Too good of an article not to pirate. I shall deal with them, if they ask.

Asia's Economic Troubles
Could Spread Across Globe

By BERNARD WYSOCKI JR.
Staff Reporter of THE WALL STREET JOURNAL

With lightning speed, a collapsing stock market in Hong Kong spread this
week across time zones and around the world, and then staged an equally
quick rebound. If nothing else, the episode demonstrated the remarkable
ties now linking global financial markets.

But in the months ahead, a bigger question is this: Will the real economic
problems that threaten to throttle growth in spending, employment and
investment in Southeast Asia spread just as fast?

In Southeast Asia, this year's
currency crises will slow economic
growth to an annual rate of 4% or
less from 8% or more, some
forecasters predict. The aftermath
of that abrupt slowdown will be
bankrupt companies, bad loans and
falling consumer spending. Some
Asia watchers think the worst is yet
to come.

For the U.S., the direct effects will
be slight. U.S. exports to Thailand,
the Philippines, Indonesia and
Malaysia -- the four countries most
affected by the turmoil -- were only
about 4% of last year's total.
Moreover, the troubles in the
Pacific come at a time when
America's immune system is the strongest that it has been in decades. The
economy is vibrant, inflation is dormant, interest rates are steady and the
budget deficit is nearing zero.

Yet in testifying to Congress on Wednesday, Federal Reserve Board
Chairman Alan Greenspan said the spillover from Southeast Asia, while
modest to date, "can be expected not to be negligible." Economists say
that spillover could shave a few tenths of a percentage point off U.S.
growth rates in the months ahead. To Mr. Greenspan and others, that
prospect isn't all bad. A little less exuberance might help keep the
economy from overheating.

Effect on Japan

In Japan, however, the effect could be much more severe. The Japanese
economy is in the dumps, the deficit is climbing, and the banks are still
mired in crisis.

"Japan is going to feel the force of what has happened" in Southeast Asia,
says Edward Guay, chief economist at Cigna Retirement & Investment
Services in Hartford, Conn. Agrees Rudiger Dornbusch, an economist at
the Massachusetts Institute of Technology: "Japan is the weak link."

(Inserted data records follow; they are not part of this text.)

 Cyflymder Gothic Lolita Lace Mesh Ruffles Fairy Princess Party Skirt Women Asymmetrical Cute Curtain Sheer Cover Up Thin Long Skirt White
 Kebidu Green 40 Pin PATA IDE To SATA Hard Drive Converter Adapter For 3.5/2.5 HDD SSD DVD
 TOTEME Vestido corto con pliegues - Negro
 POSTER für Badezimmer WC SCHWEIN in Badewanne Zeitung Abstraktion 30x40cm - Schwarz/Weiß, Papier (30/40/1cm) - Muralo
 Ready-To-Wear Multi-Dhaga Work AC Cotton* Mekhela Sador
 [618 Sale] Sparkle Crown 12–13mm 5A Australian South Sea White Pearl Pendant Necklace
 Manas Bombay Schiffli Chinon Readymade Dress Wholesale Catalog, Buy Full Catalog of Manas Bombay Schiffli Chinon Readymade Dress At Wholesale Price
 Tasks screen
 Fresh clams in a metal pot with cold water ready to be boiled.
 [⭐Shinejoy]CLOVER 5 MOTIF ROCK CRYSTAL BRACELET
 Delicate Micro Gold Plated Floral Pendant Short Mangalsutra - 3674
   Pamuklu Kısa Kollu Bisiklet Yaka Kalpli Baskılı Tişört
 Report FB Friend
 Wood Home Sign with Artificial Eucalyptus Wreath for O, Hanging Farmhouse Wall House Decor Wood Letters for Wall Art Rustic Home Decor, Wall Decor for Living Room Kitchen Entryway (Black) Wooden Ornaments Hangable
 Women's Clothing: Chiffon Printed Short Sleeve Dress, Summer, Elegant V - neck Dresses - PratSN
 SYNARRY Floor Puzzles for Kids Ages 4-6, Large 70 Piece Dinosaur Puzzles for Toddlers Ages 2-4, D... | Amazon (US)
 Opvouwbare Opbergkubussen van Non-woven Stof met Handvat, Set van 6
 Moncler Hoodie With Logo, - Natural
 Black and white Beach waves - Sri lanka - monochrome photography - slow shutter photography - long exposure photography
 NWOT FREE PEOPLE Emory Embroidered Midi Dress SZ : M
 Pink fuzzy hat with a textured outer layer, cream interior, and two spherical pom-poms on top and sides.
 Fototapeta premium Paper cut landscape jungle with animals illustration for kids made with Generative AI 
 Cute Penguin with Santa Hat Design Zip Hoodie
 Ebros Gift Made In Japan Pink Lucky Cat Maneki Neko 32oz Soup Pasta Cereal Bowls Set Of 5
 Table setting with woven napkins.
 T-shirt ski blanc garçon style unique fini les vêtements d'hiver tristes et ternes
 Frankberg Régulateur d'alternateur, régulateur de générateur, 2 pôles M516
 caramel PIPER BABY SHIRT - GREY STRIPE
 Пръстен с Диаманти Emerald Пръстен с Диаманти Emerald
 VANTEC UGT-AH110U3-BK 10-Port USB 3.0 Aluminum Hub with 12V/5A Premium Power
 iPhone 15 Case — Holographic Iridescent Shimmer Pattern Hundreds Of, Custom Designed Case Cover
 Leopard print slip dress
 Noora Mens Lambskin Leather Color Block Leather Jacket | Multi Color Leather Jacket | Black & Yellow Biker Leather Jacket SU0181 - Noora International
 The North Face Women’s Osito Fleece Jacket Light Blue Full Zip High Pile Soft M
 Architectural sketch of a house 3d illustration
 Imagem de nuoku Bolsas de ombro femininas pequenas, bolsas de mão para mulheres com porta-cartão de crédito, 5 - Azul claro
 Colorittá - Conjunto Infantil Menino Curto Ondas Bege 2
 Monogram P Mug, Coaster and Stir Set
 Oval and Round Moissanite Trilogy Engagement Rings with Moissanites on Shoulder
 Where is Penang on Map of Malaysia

Already, many private economists in Japan have forecast no growth, or
even a contraction, in the wake of the extremely poor April-June quarter.
An economic package unveiled last week by the dominant political party
was widely dismissed as insufficient, especially because it lacked a tax-cut
plan. The most recent sign that the economy is still wobbly was an
announcement last week that department-store sales fell in September for
a sixth straight month.

The weak economy has left Japan heavily dependent on exports for
growth. The country's trade surplus has increased every month since
March. And in the fiscal first half ended Sept. 30, every major Japanese
auto maker posted double-digit growth in exports from a year earlier, led
by Honda Motor Co.'s 54% surge.

But as falling currencies and rising interest rates cut off growth elsewhere in
Asia, Japan's problems may deepen because other Asian countries
account for about 44% of Japanese exports.

Asia in Reverse

"Asia has gone into reverse," says Kenneth Courtis, an economist at
Deutsche Bank AG. "The biggest engine of growth for the Japanese
economy has been knocked out of gear."

Meanwhile, problems elsewhere in Asia will exacerbate the slow-healing
"balance sheet" crisis at Japan's banks, which have been plagued by bad
loans and shrunken asset values. Thailand, Malaysia and Indonesia, all
hard-hit by the recent currency crisis, have absorbed waves of investment
from Japanese banks and companies over the past decade, and now they
are likely to pile more defaults onto Japan's already-troubled banking
system.

Europe, too, could suffer from a spillover. In Eastern Europe, some
countries could fall victim to speculative currency attacks like those in
Southeast Asia. In Western Europe, both France and Germany, struggling
to reignite their economies, could be hurt by a reduction in exports to Asia.
The Southeast Asian crisis comes at a delicate time, when most European
countries need strong growth to meet the guidelines for a single currency.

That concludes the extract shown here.